Icon Aircraft has partnered with Cirrus Aircraft to produce composite airframe components for the A5 amphibious sport aircraft, and perhaps pave the way for collaboration on other technologies.
The agreement bolsters start-up Icon's plan to ramp up production to more than 100 units within a year of delivering the first A5 in mid-2013.
Cirrus already makes similar airframes using composite-sandwich production techniques for the SR20 and SR22 at its Grand Forks, North Dakota factory. However, the factory's output has been reduced since the global recession in 2008. Cirrus briefly assembled 16 aircraft per week in Grand Forks, but now builds between six and eight aircraft per week.
"In terms of physical capacity [in Grand Forks] we have the ability to add quite a bit," Cirrus says.
Icon Aircraft |
Cirrus will deliver the composite airframes to Icon's final assembly plant in Tehachapi, California.

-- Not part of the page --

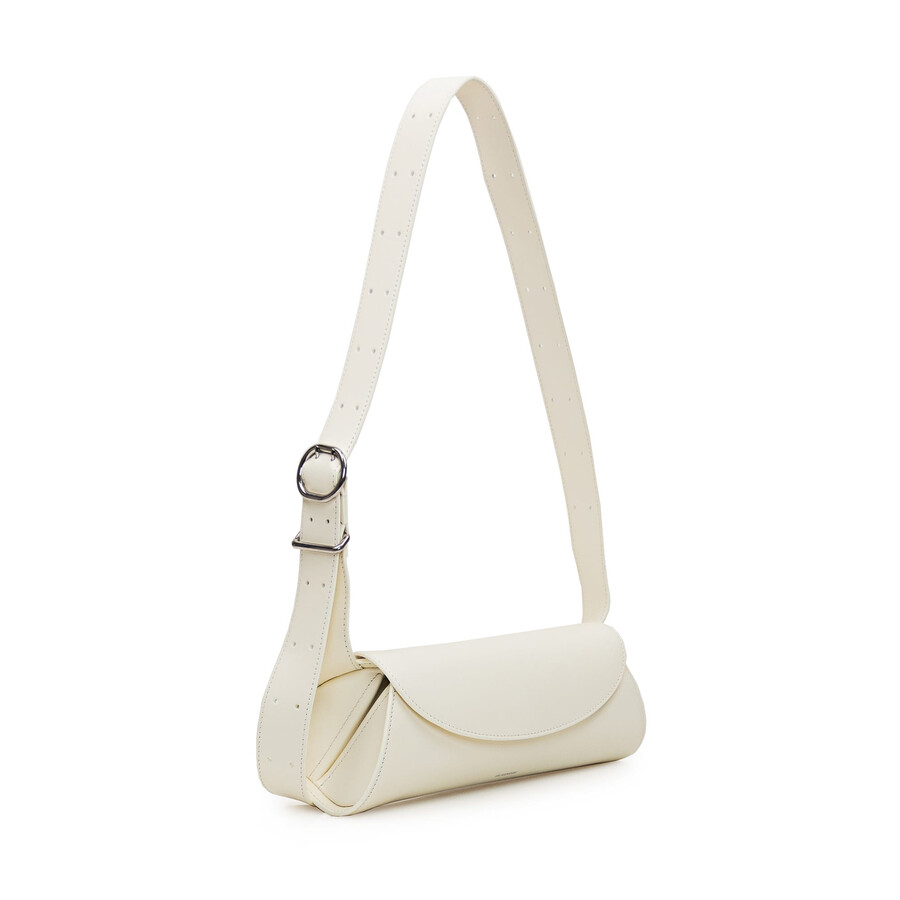 Jil Sander Small Shoulder Bag Cannolo In White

The agreement does not address other possible contributions by Cirrus to the A5 programme, such as avionics or the airframe parachute system. But both companies are open to broadening the partnership.
"The core capabilities of Icon and Cirrus are highly complementary, and this new pairing creates extraordinary potential for the future of aviation," Kirk Hawkins, founder and chief executive of Icon, said in a statement.
Cirrus agrees that the relationship on the A5 could be expanded over time.
"As the partnership matures there are other areas that can be explored by both companies, but we need to walk before we run," Cirrus says. "We share a point of view about aviation growth, advancing materials and innovation."
Icon expects to begin building the first production airframe by the end of the year - more than three years behind the original schedule. The same global recession that struck Cirrus affected sources of start-up financing for Icon.
The company started to climb out of its financial hole last year, closing a round of financing worth up to $25 million.